I did take the course and fell in love with logic. I then took a course on Frege and Russell from the same professor and was hooked. I planned to major in mathematics and minor in philosophy but the more philosophy I took, the more I loved it. Eventually, I majored in philosophy and minored in mathematics. When time came to think about what to do after my undergraduate education, I realized that I wanted to continue studying philosophy. I decided to go to grad school in philosophy. I knew that the job market in academic philosophy was very bad, so I planned to get my Ph.D. in philosophy and get on with my life after that by pursuing some other career. It didn’t turn out that way.


3:AM: You’re a top philosopher of language. A key area you’ve thought about is the nature of propositions. Before saying what you think they are can you lay out the terrain for us a little? Was it Frege and Russell who placed propositions at the heart of analytic philosophy, and do you see your work as developing from these founding fathers – or is there a deeper, longer history?

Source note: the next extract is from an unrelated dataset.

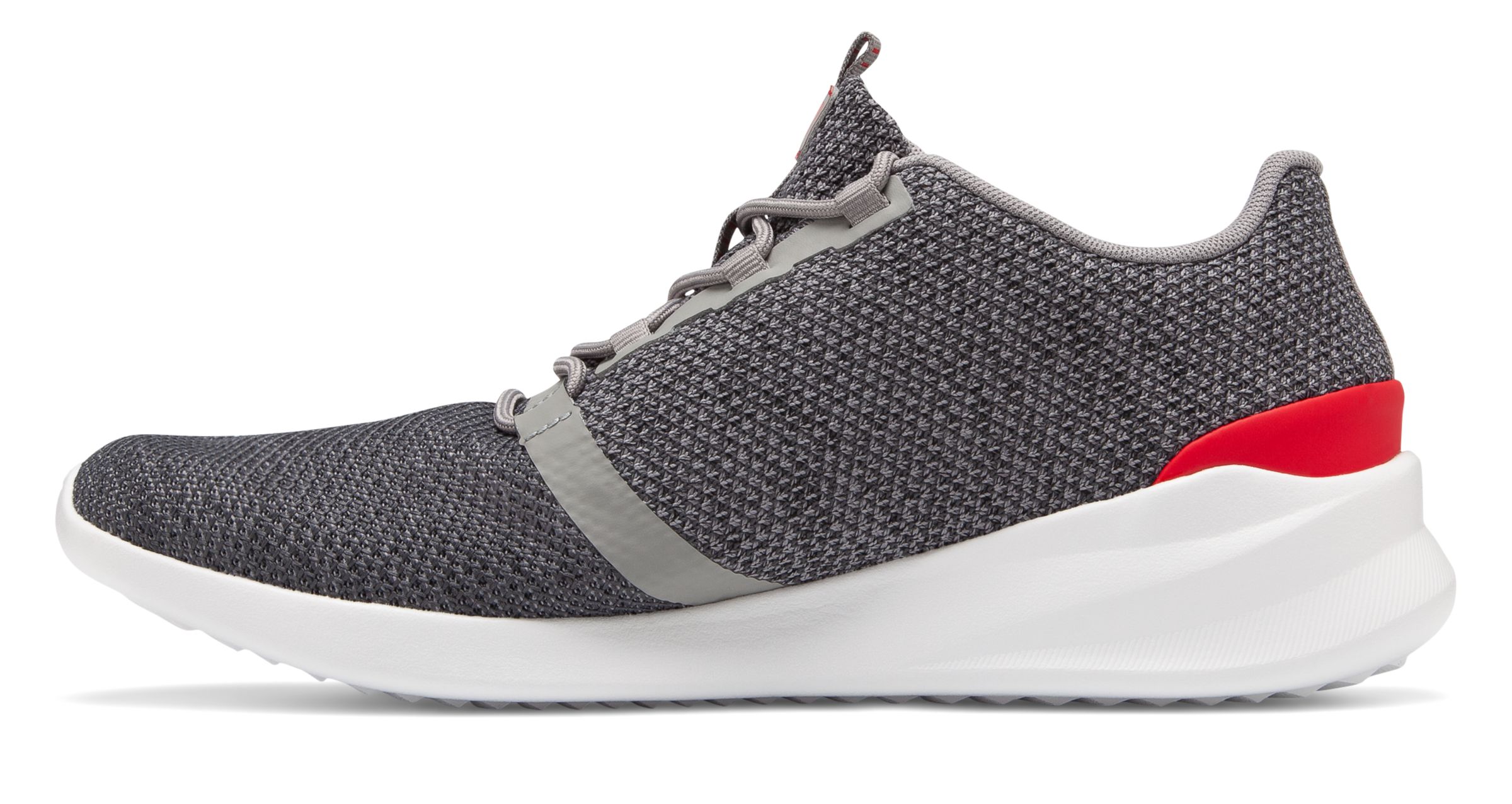 new balance cush  mens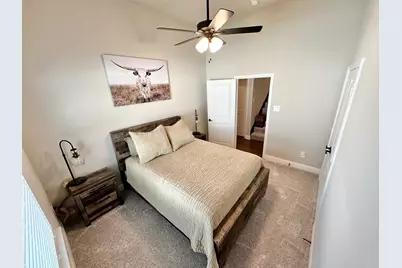 519 Dehaviland Lane, Fate, TX 75087 - Photo 22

JK: Yes, I would say that Frege and (some time slices of) Russell placed propositions/thoughts at the heart of analytic philosophy. And yes, I very much see my own work on the topic as developing out of their views, in part by rejecting central features of their views. I know there is a deeper, longer history but my own thinking about the topic really starts with Frege and Russell. I’d add that my thinking about a lot of issues in philosophy of language starts with Frege and Russell.

3:AM: Robert Stalnaker says that propositions are sets of possible worlds, and Barwise and Perry say that they’re sets of situations but you dismiss these approaches don’t you? Are there stand-alone reasons for rejecting them even before we come to your own theory?

JK: Yes, I dismiss those approaches; and yes, I think there are stand-alone reasons for rejecting them.

The first thing that bothered me about such views, and it has bothered many people right from the start, is the coarse-grained way in which they individuate propositions. Propositions P and Q true at all the same worlds/situations are identified on such views. That has a number of bad consequences including that there is only one proposition true at all worlds/situations. So e.g. if the truths of mathematics are true at all worlds/situations as many think, there is only one mathematical truth. That’s a bit hard to believe. If propositions are the objects of belief, this means that any time I believe a proposition P, I must also believe any proposition Q that is true at all the same worlds/situations as P, since on the view in question P=Q. Again, this is hard to believe. Of course proponents of these views have things to say in response to these worries, but ultimately I am not convinced by the responses. It’s maybe worth adding that I’ve noticed that these consequences of the theories in question seem to be an insuperable difficulty to some people and a well-known difficulty that will be worked out in the end to others. I sometimes think this shows there are simply two species of philosophers!

A second difficulty concerns the fact that propositions are true and false relative to possible worlds/situations—ways things might have been. That’s a strange property to have and lots and lots of things don’t have it (numbers don’t have it, people don’t have it, nor do sets of numbers and people, etc.). I believe a theory of propositions needs to explain why/how propositions have this property. In my 2007 book The Nature and Structure of Content and in various papers since then I criticized virtually all extant theories of propositions for not being able to explain why/how propositions are true or false relative to possible worlds. I think that criticism applies to these theories as well. What would explain why/how a set of worlds or situations is true or false relative to worlds/situations? In general, sets of things aren’t true or false relative to worlds or situations. Why would sets of worlds or situations have this unusual property other sets lack? I just don’t see what the explanation of that would be. Further, why would a set of worlds P be true at world w just in case w belongs to P? Why wouldn’t P be true at w iff w didn’t belong to P instead? Could there really be some explanation of that? It’s very hard to see what it would be.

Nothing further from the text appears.